Zhafir demonstrated two prototype Mercury machines an open house held Nov. 26-27 at its new 43,055-square-foot assembly hall in Ebermannsdorf, where it builds Venus all-electrics.
Zhafir CEO Helmar Franz said the company will show a production-ready Mercury at the K2010 trade show. Production is scheduled to start in 2011, initially with clamping forces of 55- and 135-metric tons. Franz said the press will be offered with a very limited number of high-end options as standard, such as for injection compression molding. The Mercury will enable processors and tool designers to produce more complex parts and use plastics that are difficult to process.

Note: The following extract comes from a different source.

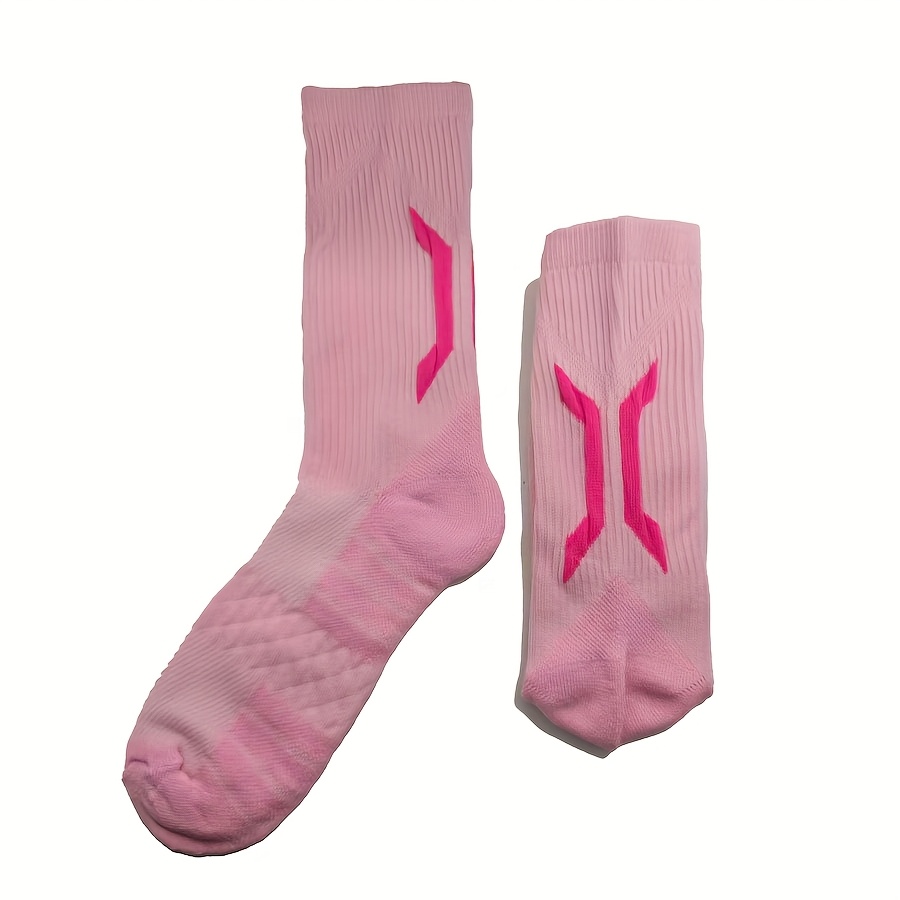 E-shop 1 Paar Damen Sportsocken Handtuchboden Schweißabsorbierende Basketballsocken Mode Profi Sportsocken Laufen Radfahren Mid-Calf Socken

As part of its revolutionary design, the Mercury has replaced conventional round tie bars and separate machine cladding with two thick, flat steel sheets on both sides of the machine. The sheets, made by parent company Haitian in China, provide the same level as mechanical stability as tie bars, the company claims.
The presses are also narrower, enabling more machines to be fitted into a production hall.
The sheets replace the cladding, which Franz said usually only provides noise and safety protection and to hide a bad design.
The patented design also enables items such as the four machine guide rails to be mounted to the sheets. According to Franz, the use of guide rails mounted on the sheets means that 100 percent moving platen parallelism can be guaranteed and that there is no risk of platens tilting.
Zhafir is delivering a 55-ton, pre-series Mercury to a customer for trial and feedback.